Artikel 15 Parkeeractiviteiten

15.1 Parkeren
15.1.1 Aantal autoparkeerplaatsen op eigen terrein

Bij het bouwen van gebouwen of het veranderen van gebruik dient de inrichting van elk perceel zodanig te zijn dat voldoende ruimte aanwezig is om zowel het parkeren als het eventueel laden en lossen op eigen terrein te kunnen afwikkelen. Op eigen terrein dient voorzien te zijn in voldoende parkeeraccommodatie, inclusief parkeergelegenheid voor werknemers en bezoekers, conform de parkeernormen uit CROW-publicatie 317 (Kencijfers parkeren en verkeersgeneratie) of de opvolger(s) daarvan. In afwijking van het voorgaande kan parkeren in het openbaar gebied worden opgelost indien dit aantoonbaar middels een parkeerdrukmeting geen onevenredige gevolgen voor de parkeerdruk tot gevolg heeft of indien er aantoonbaar sprake is van een vermindering van het benodigd aantal parkeerplaatsen ten opzichte van het bestaande gebruik.

Afmetingen

De bedoelde ruimte voor het parkeren van auto’s moet afmetingen hebben die zijn afgestemd op gangbare personenauto's.

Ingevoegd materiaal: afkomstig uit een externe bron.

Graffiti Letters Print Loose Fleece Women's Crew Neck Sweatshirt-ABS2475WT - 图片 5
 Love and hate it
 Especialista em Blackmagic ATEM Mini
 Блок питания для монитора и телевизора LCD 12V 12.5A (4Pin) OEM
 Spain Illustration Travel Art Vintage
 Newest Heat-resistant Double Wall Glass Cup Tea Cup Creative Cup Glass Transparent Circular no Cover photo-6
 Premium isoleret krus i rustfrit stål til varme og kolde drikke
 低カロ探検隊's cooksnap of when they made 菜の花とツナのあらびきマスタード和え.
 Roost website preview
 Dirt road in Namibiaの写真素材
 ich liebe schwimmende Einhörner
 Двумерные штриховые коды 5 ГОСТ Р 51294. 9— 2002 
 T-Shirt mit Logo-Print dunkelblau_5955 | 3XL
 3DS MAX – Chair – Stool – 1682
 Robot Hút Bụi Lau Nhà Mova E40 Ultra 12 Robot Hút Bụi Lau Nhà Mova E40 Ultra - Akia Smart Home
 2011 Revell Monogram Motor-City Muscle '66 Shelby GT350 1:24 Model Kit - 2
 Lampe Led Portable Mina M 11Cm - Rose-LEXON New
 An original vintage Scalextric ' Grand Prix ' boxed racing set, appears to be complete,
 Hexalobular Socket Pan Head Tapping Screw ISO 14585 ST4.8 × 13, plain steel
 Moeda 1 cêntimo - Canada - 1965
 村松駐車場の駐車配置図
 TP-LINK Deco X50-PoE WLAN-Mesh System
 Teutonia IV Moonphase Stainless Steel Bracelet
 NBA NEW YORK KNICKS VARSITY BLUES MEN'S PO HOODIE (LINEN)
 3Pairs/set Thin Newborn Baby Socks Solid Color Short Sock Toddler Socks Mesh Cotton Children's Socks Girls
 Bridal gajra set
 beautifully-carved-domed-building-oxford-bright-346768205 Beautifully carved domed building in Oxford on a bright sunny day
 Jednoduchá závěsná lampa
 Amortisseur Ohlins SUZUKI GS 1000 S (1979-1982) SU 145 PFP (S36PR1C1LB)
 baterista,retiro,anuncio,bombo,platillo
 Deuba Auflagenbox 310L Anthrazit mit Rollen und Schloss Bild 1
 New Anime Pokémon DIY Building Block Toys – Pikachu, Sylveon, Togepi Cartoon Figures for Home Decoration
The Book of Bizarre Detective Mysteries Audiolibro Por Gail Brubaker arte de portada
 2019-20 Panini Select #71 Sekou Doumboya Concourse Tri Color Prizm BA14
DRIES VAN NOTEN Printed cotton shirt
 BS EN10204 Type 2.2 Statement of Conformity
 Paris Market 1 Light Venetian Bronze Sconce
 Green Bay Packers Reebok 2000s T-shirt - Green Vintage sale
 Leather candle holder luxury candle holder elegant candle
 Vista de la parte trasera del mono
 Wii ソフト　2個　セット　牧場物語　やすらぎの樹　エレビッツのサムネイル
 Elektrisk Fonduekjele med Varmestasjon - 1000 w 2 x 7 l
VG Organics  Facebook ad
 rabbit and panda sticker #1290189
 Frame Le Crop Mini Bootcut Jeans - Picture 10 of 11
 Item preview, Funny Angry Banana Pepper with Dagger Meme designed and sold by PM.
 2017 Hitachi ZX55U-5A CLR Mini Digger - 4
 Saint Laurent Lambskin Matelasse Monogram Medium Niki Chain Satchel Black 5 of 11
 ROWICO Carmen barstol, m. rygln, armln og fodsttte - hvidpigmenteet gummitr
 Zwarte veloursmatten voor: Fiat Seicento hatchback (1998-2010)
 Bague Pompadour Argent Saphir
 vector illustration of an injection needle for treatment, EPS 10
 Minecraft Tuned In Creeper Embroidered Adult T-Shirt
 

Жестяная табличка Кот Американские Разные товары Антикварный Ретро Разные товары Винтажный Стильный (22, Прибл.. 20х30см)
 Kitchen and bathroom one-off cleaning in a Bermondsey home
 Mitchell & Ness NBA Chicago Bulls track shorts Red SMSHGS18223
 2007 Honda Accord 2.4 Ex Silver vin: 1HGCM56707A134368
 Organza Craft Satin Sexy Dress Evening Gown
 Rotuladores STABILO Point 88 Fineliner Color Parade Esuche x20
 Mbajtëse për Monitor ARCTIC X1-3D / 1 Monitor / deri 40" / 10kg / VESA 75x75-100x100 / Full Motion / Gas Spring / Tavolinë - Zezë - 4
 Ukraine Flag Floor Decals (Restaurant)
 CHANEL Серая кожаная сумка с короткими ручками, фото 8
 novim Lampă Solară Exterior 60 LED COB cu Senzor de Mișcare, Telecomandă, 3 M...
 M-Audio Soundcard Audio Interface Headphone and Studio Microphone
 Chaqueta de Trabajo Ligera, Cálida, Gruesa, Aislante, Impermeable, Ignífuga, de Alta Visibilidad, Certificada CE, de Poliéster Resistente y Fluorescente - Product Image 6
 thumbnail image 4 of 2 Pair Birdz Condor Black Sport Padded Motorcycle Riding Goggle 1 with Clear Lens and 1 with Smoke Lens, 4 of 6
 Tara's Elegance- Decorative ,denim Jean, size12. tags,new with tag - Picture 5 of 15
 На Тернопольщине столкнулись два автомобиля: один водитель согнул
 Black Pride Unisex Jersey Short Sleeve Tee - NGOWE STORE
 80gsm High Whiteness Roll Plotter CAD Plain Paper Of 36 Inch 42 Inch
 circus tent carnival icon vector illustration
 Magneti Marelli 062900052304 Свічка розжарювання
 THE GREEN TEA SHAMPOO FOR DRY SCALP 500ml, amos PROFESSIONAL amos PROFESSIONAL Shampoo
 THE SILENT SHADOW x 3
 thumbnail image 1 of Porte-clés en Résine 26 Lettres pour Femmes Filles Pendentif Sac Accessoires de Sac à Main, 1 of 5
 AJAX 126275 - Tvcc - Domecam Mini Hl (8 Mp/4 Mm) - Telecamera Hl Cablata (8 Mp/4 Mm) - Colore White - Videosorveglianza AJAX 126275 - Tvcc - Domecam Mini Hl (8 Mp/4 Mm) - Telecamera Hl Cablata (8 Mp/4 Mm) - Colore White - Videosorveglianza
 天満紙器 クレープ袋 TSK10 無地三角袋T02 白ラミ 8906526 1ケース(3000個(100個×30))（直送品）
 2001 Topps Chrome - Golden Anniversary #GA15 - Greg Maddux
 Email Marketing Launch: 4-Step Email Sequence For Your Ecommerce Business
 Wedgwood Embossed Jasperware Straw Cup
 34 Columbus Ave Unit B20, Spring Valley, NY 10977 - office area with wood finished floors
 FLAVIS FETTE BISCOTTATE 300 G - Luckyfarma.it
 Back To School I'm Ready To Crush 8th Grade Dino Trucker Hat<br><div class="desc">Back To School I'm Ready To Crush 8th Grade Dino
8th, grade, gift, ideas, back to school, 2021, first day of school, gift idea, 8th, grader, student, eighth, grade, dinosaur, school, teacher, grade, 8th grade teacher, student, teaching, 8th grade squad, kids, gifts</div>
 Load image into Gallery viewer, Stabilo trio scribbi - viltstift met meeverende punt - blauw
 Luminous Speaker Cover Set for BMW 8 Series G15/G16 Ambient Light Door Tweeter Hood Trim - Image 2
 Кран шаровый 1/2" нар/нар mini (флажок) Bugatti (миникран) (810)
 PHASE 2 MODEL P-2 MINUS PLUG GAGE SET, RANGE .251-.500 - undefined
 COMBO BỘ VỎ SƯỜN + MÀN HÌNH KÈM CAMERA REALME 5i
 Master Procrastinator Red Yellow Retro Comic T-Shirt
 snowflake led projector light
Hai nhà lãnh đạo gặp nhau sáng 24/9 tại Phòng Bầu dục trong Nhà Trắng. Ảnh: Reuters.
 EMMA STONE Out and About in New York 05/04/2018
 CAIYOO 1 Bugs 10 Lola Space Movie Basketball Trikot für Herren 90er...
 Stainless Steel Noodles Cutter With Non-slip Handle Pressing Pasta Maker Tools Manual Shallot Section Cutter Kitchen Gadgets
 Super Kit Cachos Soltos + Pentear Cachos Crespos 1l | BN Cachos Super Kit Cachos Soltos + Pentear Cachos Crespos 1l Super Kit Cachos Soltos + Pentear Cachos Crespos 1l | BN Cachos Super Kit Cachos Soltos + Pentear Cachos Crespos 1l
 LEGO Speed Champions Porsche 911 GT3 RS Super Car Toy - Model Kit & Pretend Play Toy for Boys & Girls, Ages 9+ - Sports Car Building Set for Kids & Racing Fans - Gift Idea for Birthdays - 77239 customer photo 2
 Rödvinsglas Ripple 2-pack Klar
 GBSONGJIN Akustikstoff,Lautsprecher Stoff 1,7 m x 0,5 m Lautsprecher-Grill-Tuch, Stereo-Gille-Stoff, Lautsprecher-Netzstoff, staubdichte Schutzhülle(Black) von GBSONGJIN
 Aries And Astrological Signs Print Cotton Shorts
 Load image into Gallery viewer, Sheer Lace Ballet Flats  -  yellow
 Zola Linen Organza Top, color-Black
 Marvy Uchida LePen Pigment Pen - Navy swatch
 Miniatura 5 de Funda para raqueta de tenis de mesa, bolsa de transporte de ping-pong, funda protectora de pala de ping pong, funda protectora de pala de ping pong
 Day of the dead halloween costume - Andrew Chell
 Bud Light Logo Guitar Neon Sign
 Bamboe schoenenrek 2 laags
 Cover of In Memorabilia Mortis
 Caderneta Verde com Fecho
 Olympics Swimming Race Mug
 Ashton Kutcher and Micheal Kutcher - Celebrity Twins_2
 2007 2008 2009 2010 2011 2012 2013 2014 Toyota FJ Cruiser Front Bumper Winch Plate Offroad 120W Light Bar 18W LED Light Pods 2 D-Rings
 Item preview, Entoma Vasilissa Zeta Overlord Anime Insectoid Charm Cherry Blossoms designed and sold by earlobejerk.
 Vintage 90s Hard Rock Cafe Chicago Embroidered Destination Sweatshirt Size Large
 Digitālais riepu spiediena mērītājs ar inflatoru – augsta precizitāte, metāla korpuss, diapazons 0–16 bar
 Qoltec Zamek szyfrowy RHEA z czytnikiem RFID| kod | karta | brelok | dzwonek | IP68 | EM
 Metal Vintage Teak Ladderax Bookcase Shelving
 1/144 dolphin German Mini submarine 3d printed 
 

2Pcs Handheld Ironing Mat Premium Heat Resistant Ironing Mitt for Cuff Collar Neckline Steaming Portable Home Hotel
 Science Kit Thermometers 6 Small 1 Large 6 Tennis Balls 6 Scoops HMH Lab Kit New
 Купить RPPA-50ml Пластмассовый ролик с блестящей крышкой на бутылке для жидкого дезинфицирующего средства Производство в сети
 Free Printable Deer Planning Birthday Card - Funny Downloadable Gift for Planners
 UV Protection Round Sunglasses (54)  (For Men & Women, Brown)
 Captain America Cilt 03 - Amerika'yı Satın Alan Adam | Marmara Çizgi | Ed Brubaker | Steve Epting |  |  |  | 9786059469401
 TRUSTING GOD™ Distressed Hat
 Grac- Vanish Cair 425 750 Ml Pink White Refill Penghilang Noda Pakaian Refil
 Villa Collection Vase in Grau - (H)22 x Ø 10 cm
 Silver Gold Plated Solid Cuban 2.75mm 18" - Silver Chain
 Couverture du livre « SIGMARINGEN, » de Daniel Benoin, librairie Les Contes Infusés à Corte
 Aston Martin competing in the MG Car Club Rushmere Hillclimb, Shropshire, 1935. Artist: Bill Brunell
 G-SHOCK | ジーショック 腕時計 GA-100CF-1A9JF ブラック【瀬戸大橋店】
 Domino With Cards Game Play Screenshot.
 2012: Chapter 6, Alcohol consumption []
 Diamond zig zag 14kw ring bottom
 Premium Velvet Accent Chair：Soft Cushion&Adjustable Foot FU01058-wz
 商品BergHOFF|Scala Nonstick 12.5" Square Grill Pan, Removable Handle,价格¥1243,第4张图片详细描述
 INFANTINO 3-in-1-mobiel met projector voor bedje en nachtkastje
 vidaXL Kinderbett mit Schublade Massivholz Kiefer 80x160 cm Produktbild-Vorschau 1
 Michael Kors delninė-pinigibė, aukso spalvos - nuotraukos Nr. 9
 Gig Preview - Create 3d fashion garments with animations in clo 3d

Aan deze eis wordt geacht te zijn voldaan indien de afmetingen van bedoelde parkeerruimten voldoen aan de volgende bepalingen:

  • haaks parkeren: ten minste 2,5 x 5,0 m;
  • langsparkeren: ten minste 2,0 x 6,0 m;
  • een gereserveerde parkeerruimte voor een gehandicapte voor zover die ruimte niet in de lengterichting aan een trottoir grenst: ten minste 3,5 m x 5,0 m.
15.2 Vergunningplicht parkeeractiviteiten
15.2.1 Vergunningplicht afwijken van het benodigd aantal parkeerplaatsen

Het is verboden om zonder of afwijking van een omgevingsvergunning af te wijken van het bepaalde onder 15.1.1.

15.2.2 Beoordelingsregels afwijken van het benodigd aantal parkeerplaatsen

De omgevingsvergunning als bedoeld in lid 15.2.1 kan worden verleend, indien anderszins in voldoende parkeergelegenheid is voorzien.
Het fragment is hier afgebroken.